In an exclusive interview with Food Republic, the chef shared some of his culinary inspirations and cuisines he hopes to incorporate in the future. Although he is curious about foods from around the world, he is keen to learn more about certain Asian cultures. Samuelsson's restaurant VRÅ in Gothenburg, Sweden, serves a Nordic Japanese menu, sparked by the chef's time in Japan.

Still, he remains humble, noting, "I spent a lot of time in Japan, but I don't master it, but I'm always curious to learn more." Not much has changed in that respect, regardless of Samuelsson's ever-expanding collection of restaurants. "I'm in love with cooking and learning and the people behind the food. So my curiosity is just as big today as it was when I started when I was 16-17 years old," he shares.

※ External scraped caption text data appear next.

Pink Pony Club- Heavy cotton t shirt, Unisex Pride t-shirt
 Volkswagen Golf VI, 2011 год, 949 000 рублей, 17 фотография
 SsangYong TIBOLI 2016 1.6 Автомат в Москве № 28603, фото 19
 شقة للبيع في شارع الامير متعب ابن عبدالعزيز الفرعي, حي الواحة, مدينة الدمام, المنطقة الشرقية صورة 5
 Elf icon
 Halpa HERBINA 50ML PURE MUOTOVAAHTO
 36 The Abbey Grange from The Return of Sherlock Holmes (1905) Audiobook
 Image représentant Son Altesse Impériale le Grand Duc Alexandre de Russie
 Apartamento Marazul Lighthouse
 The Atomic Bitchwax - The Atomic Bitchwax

Being open to learning is the best way to discover new cuisines

Aside from Japanese cuisine, Samuelsson elaborates, "I was in Laos and would love to know more about Vietnamese food and food from Laos, for example. [I've] been to Thailand a lot, but Laos and Vietnam are newer to me, so ... that's great, there's something to learn." While traveling to different countries is one way of learning about new cuisines, Samuelsson views it as being even simpler. First and foremost, he sees the importance of " feeding your curiosity in food and having respect for food in different cultures."

That can be as easy as sharing recipes and dishes with friends from various backgrounds. "... every country, every culture has great food and we're just lucky as chefs to dive in and learn it," Samuelsson comments, highlighting the diversity present in a metropolis like NYC. "... whether that friend is a chef or not — one of the best ways to learn is to invite that person home and start cooking with them," he recommends and adds, "You're getting some real good home cooking advice."

Learning about international foods doesn't always look like a masterclass with a professional chef or a trip to the other side of the world. It can be as simple as exchanging what you know with friends from other cultures.